C’est bien cela la grande différence. Même si l’intrusion dans la vie privée existait, ses effets étaient limités par la loi.

Mais le terrorisme, me direz-vous ?  Bonne question puisque c’est au nom de cela qu’on légifère aujourd’hui. Sauf que la loi ne concerne pas que le terrorisme.
Et puis soyons sérieux ! Qui peut croire une seconde que le risque terroriste sera affecté par cette loi ?
Les Mehra, Kouachi, Coulibaly étaient connus et surveillés. Reste qu’ils sont passés à l’acte. Ce n’est pas la loi ni les moyens techniques de surveillance qui sont en cause, mais une défaillance humaine, collective ou individuelle, selon le cas. C’est une organisation du renseignement qui peut être en cause, éventuellement le volume humain consacré au suivi ou à l’analyse, ou une erreur d’appréciation sur la dangerosité des individus. Mais certainement pas la loi.
Par ailleurs les terroristes connaissent très bien les dangers d’une surveillance électronique. Ils s’y adaptent donc par divers moyens, soient les contournent. Finalement la poste, à moins qu’en plus de la lecture des mails on n’autorise aussi l’ouverture générale du courrier, est un bon moyen pour les terroristes pour communiquer. Mais d’autres possibilités existent. Une chose est sure par contre, c’est qu’on a peu de chance de les trouver sur yahoo, au moins avec leurs adresses mail et IP traditionnelles.
Par ailleurs, une massification de la collecte d’informations telle que va la permettre la loi va engendrer inéluctablement des problèmes de traitement donc augmenter les probabilités que les cibles (soi-disant) prioritaires car constituant une menace pour la sécurité nationale passent au travers des mailles du filet. La NSA qui dispose de milliers d’opérateurs à travers le monde et qui espionne tout azimut n’a pas pu empêcher le 11 septembre.

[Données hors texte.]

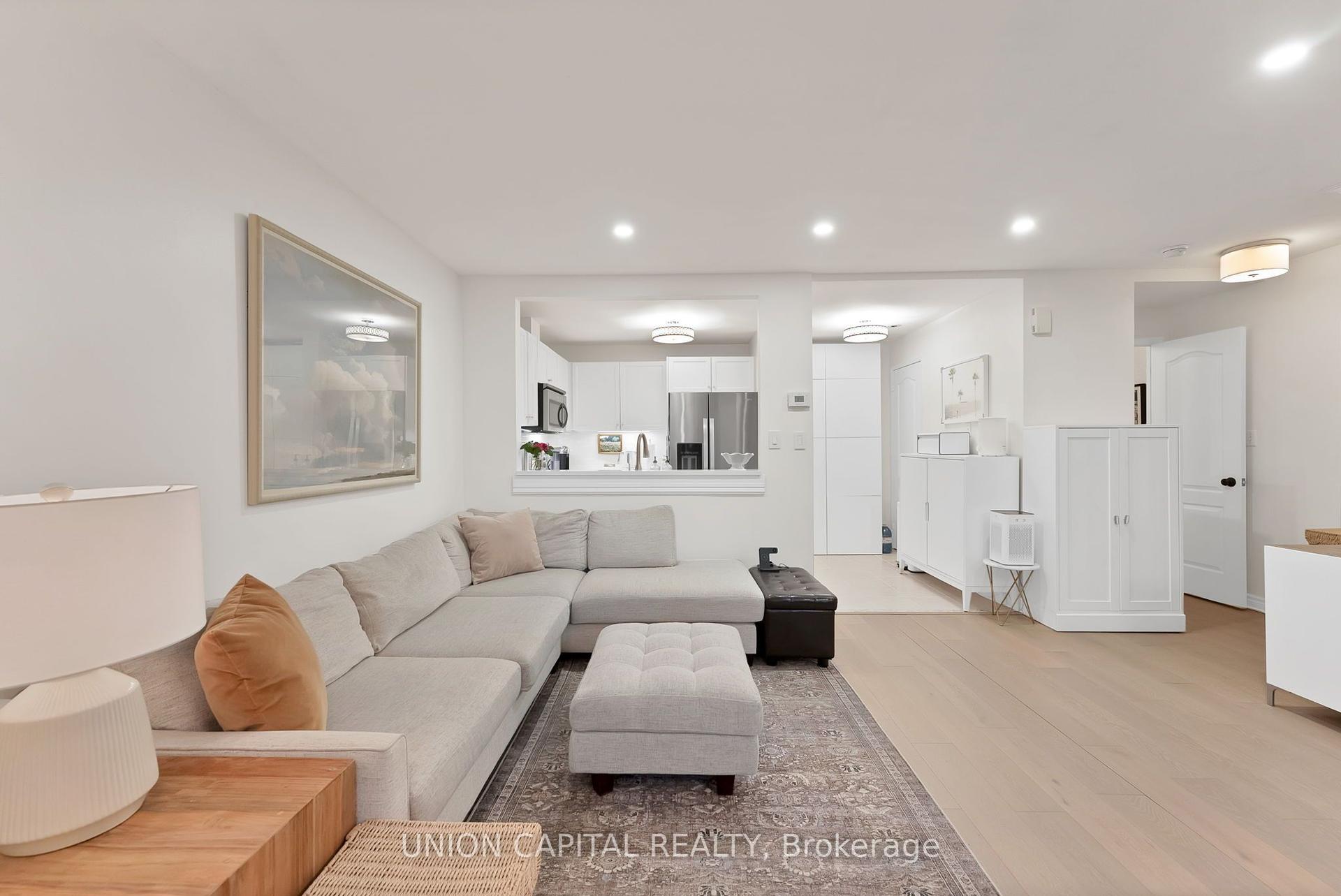 108 Finch Avenue W A3 #A3, Toronto — Condo Town for sale, photo 1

Donc s’il s’agit de lutter contre le terrorisme cette loi me parait inutile et même contre-productive. Quelques adaptations à l’existant, et dans le cadre unique du terrorisme, auraient pu éventuellement être envisagées pour que les terroristes ne bénéficient pas des protections juridiques du citoyen de base. Mais rien de plus.

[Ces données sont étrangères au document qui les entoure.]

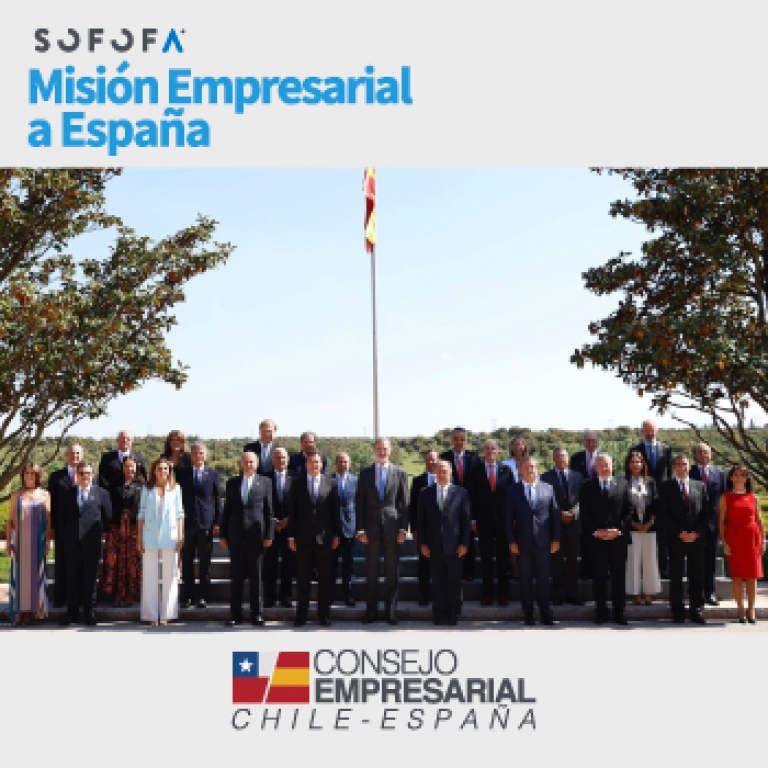 S.M. el Rey de España se reúne con delegación de empresarios chilenos en el Palacio de La Zarzuela en Madrid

C’est par contre sans doute le rêve de tout gouvernement d’avoir cette possibilité offerte par cette nouvelle loi d’exercer légalement une surveillance généralisée de la population. Les socialistes, profitant de la peur, l’ont fait. Chacun désormais pourra être surveillé impunément. Il suffira d’invoquer un motif de suspicion si la chose est découverte. C’est aussi simple que ça.